Saturday, March 28, 2020

Aprons for the Clothesline Installation

(Above:  The Clothesline, an installation in progress.  Vintage household linens and aprons with found fabric hand prints fused and zigzag stitched to both sides.  Click on any image to enlarge.)

It is hard to fathom that on this absolutely beautiful spring day the world is in crisis ... but it is.  Tonight at midnight, Columbia, South Carolina goes under a total shut down of non-essential businesses ... which means Mouse House, my home-based business, is shutting the doors for at least two weeks.  We aren't supposed to go out except for groceries, food and beverage curbside pick-up orders, trips to the drug store, and for real emergencies.  No longer are we to gather in groups of just three even while maintaining social distancing of six feet from one another.

(The Clothesline, full of aprons donated by local mother and daughter friends Yolanda and Sandra Wardlaw.  THANKS so much!)

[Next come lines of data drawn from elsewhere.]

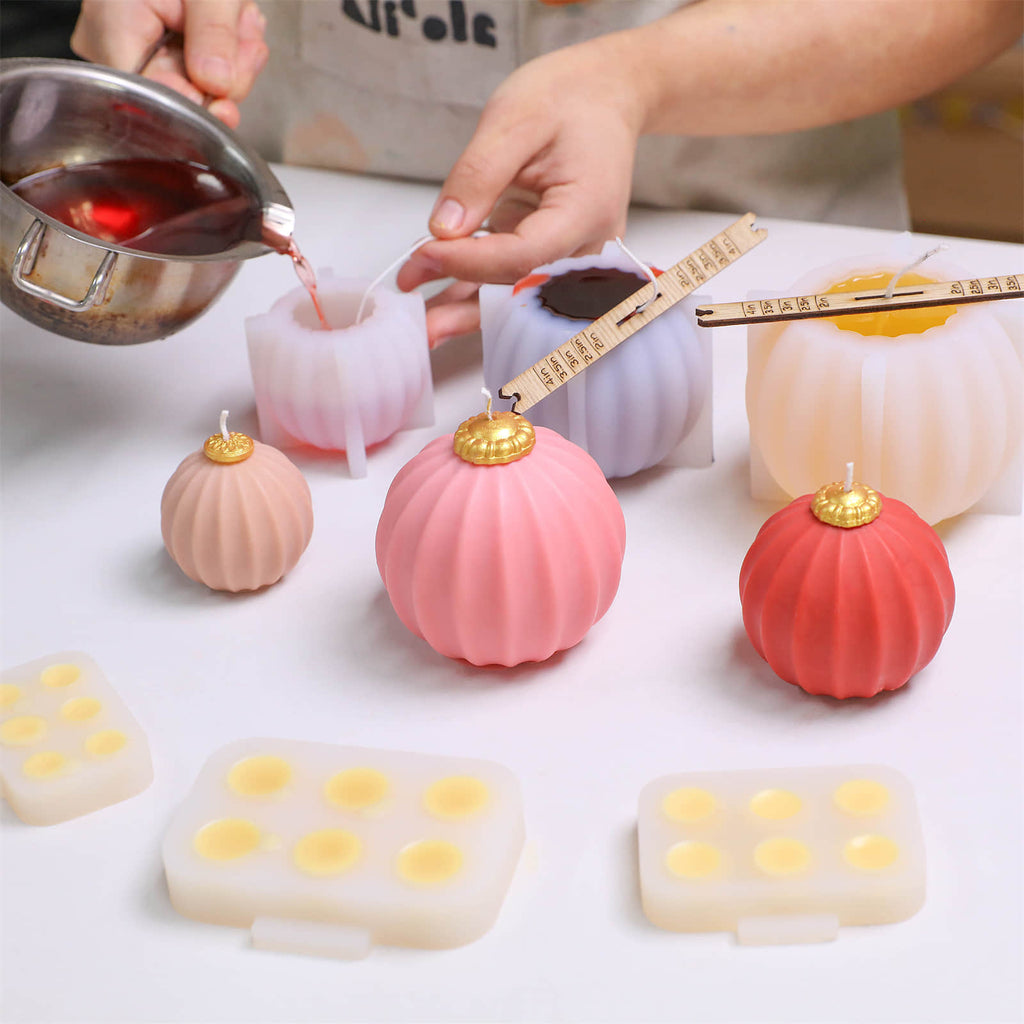 Hand pouring red wax into fluted bauble candle silicone molds; finished pink/red candles with gold caps and topper-cap molds on worktable - Boowan Nicole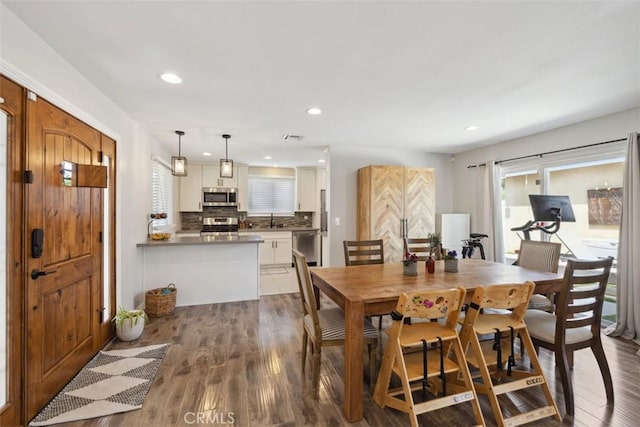 dining space with recessed lighting, visible vents, and dark wood-type flooring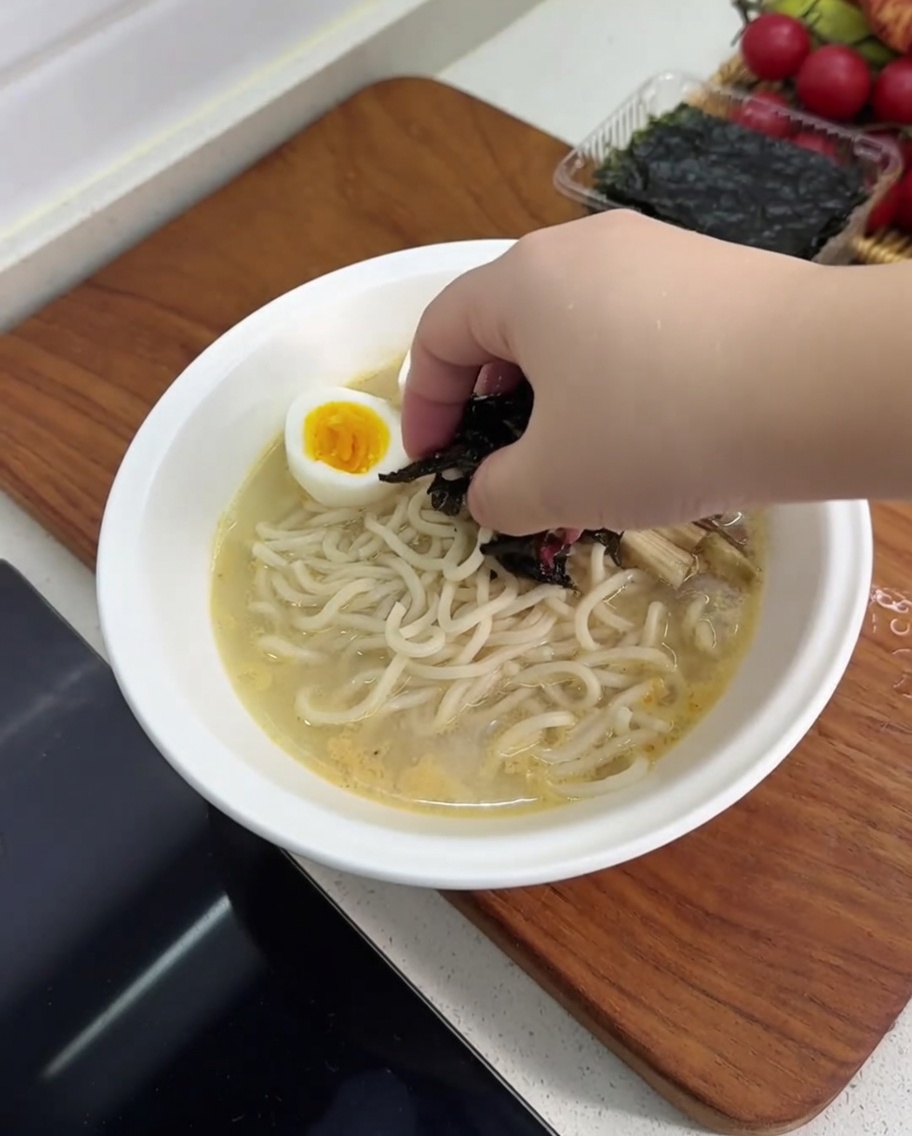 A bowl of ramen being topped with hard-boiled egg halves, mushrooms, bamboo shoots, and a piece of nori seaweed.
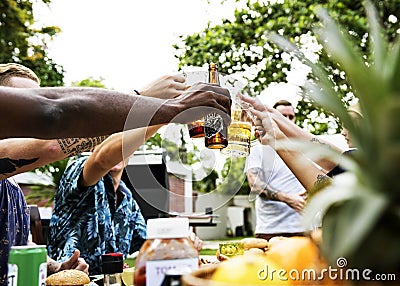 Group of diverse friends celebrating drinking beers together summer time Stock Photo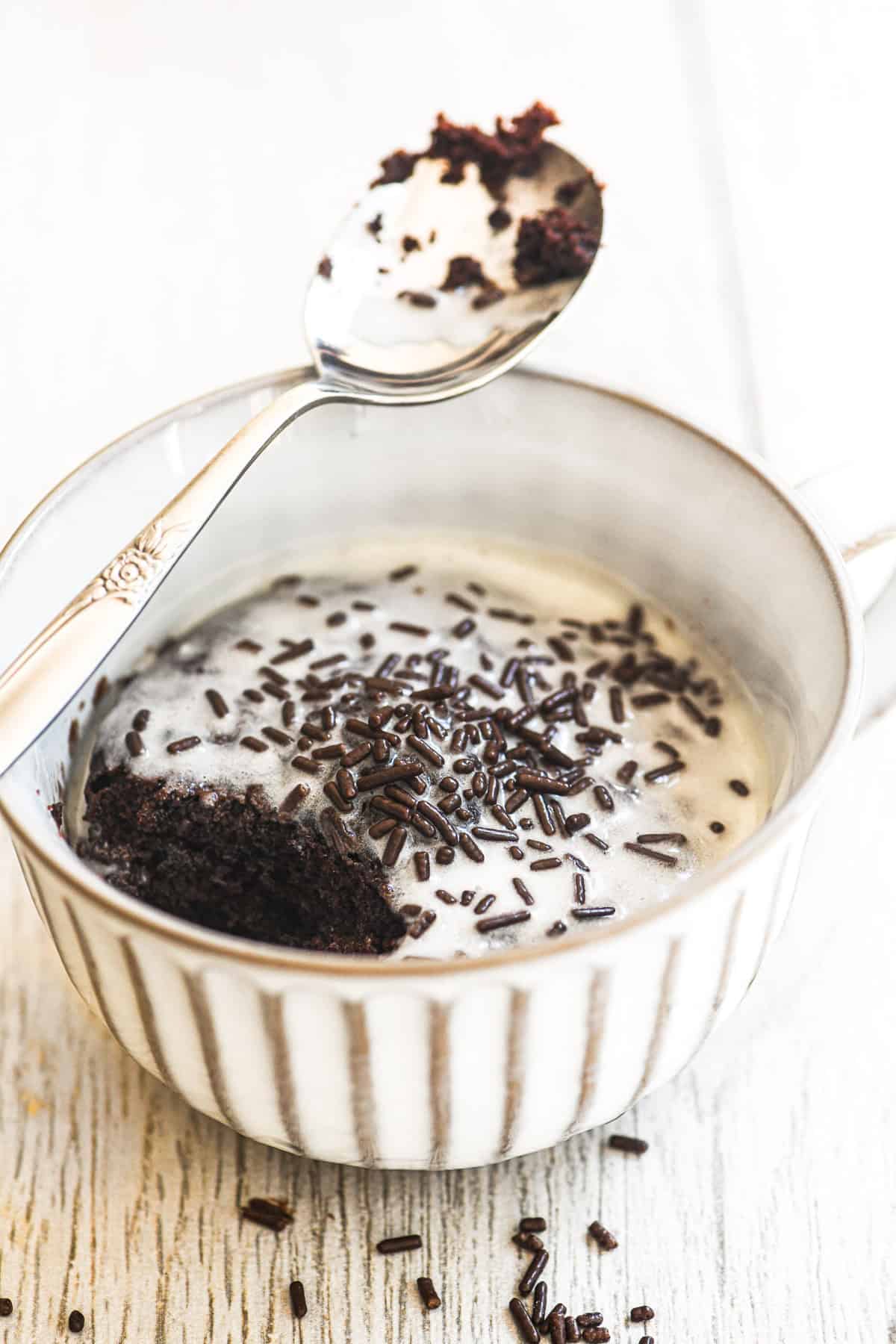 microwave mug cake with bite taken.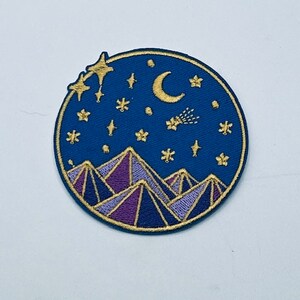 May include: Embroidered patch featuring a night sky design. The patch has a navy blue background with gold stars, a crescent moon, and a shooting star. The bottom of the patch features purple and gold mountains.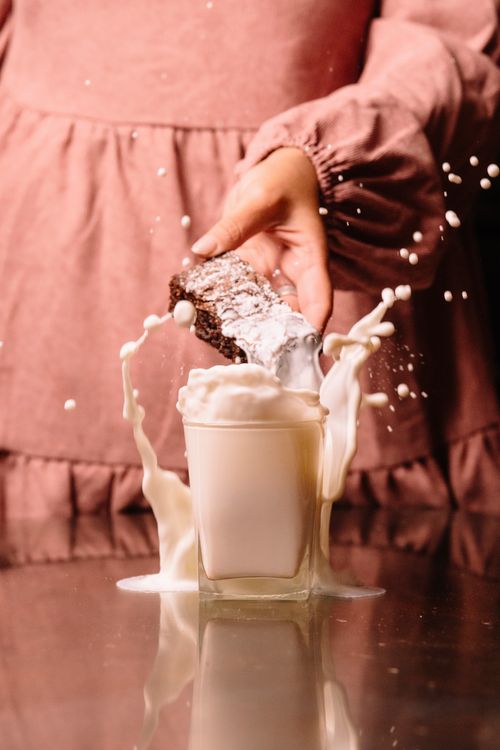 Free A dynamic splash of milk as a chocolate cookie is dropped into a glass on a reflective surface, creating an eye-catching motion. Stock Photo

For the past two or so weeks, Mouse House has been open ... because it's been years since more than three people ever came at the same time!  Steve has been disinfecting the doorknob and the sales counter ... but that is going to cease.  We will be closed ... non-essential.  At first, I was mildly depressed.  All my upcoming art opportunities were canceled or postponed (mostly "indefinitely").  Now, however, I'm experiencing this unique period in time as if an unintentional art residency in my own home!  Productivity, creative ideas, and a sense of time "standing momentarily still" are replacing my normal schedule. 


Serendipity is also at an all time high.  Just after finishing the last pieces for my Clothesline Installation, I got a message from mother and daughter local friends Yolanda and Sandra Wardlaw.  They had a box of vintage linens to donate.  Inside was an amazing collection of vintage aprons, several yellow fabric placemats, and a few other items.  I adore aprons!  Aprons are subtle, visual reminders of PEOPLE.  These are exactly what my Clothesline Installation needed!


One of the donated embroidered table runners reminded me that I had similar pieces in my cedar chest.  Surprise, surprise!  I also found a dish towel I stitched in the early 1980s when teaching myself embroidery from the Reader's Digest Complete Guide to Needlework.  Why was I keeping it?  Because it was too "precious" to use?   How silly!  Especially since I've presented an entire TEDx talk called Precious: Making a Plan for Your Precious Possessions.  There was no hesitation.  A found fabric hand print was fused to the reverse.  Like all these hand prints, I zigzag stitched around the entire outline ... so that the edge of image is shown on the opposite side.  After all, a clothesline is seen from two sides, not just one. 


Each piece for The Clothesline Installation was carefully designed so that it would look good from both sides.  This is especially apparent on the sheer fabrics used for many of these aprons.


Today Steve and I took all the finished aprons and assorted linens outside for their photo-op.  Birds were singing ... loudly ... because the city traffic is so minimal as to not drown their melodies.  The dogwood trees are in full bloom. Azalea adds lots of color.  Our yard looks wonderful.  Hopefully, this sense of slowing down, appreciating the natural surroundings, and doing things BY HAND will be repeated in the future when the Clothesline Installation gets an opportunity to hang someplace in public.  Until then ... I'm going back to my studio to stitch, stitch, stitch!


1 comment:

Catherine:theMaker said...

and your "hands" continue on...awesome work. What will Steve be doing when he's not pegging fabric on the clothesline?